Abu Rumaysah al-Britani (born 24 June 1983), born Siddhartha Dhar, is a British citizen who is an Islamic State of Iraq and the Levant (ISIL) militant. In January 2016, he was named as the narrator in a film issued by ISIL that showed the execution of suspected spies against the regime. Abu Rumaysah has been designated as a global terrorist by the United States.

Dhar was born in London to a Bengali-speaking Hindu family of Indian origin and changed his name to Abu Rumaysah after his conversion to Islam. He is believed to be in his late 30s as of 2022. He acted as a spokesperson for the Islamist group Al-Muhajiroun, an organisation banned in the UK, and worked as an aide to Al-Muhajiroun's co-founder, Anjem Choudary. Dhar also owned a bouncy castle rental company. He lived in Walthamstow. He used social media to promote his  Islamist views and attended demonstrations in Britain against the United States, Israel, and Arab regimes. In a video he posted to YouTube, Dhar described ISIL's self declared caliphate as "...a dream for all Muslims worldwide ... We can finally have a sanctuary where we can practice our religion and live under the sharia. It is a big, big thing".

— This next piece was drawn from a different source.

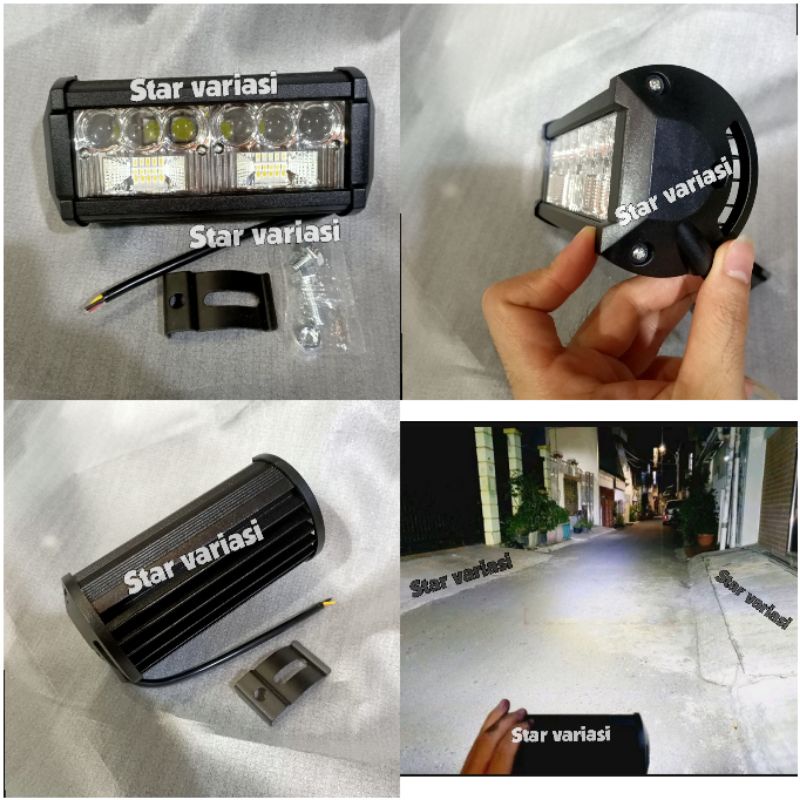 Lampu tembak 4696 sorot LED bar cwl 16 titik mata lensa 4D 48watt motor mobil (3+1)X2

He spoke of his desire for the United Kingdom to be governed under sharia law on the BBC's Sunday Morning Live programme, and said of himself that he didn't "...really identify myself with British values. I am Muslim first, second and last". In 2014, Dhar was under investigation by British authorities for allegedly encouraging terrorism, but subsequently disappeared after being released on bail. Although he had been banned from travelling, Dhar departed for Paris from Victoria Coach Station in London with his wife, Aisha, and their four children, and later arrived in Syria.

Dhar wrote a travel guide to the Islamic State in May 2015, called A Brief Guide to Islamic State, and wrote of it that "If you thought London or New York was  cosmopolitan, then wait until you step foot  in the Islamic State because it screams diversity. ... In my short time here I have met people from absolutely every walk of life, proof that the caliphate's pulling power is strong and tenacious".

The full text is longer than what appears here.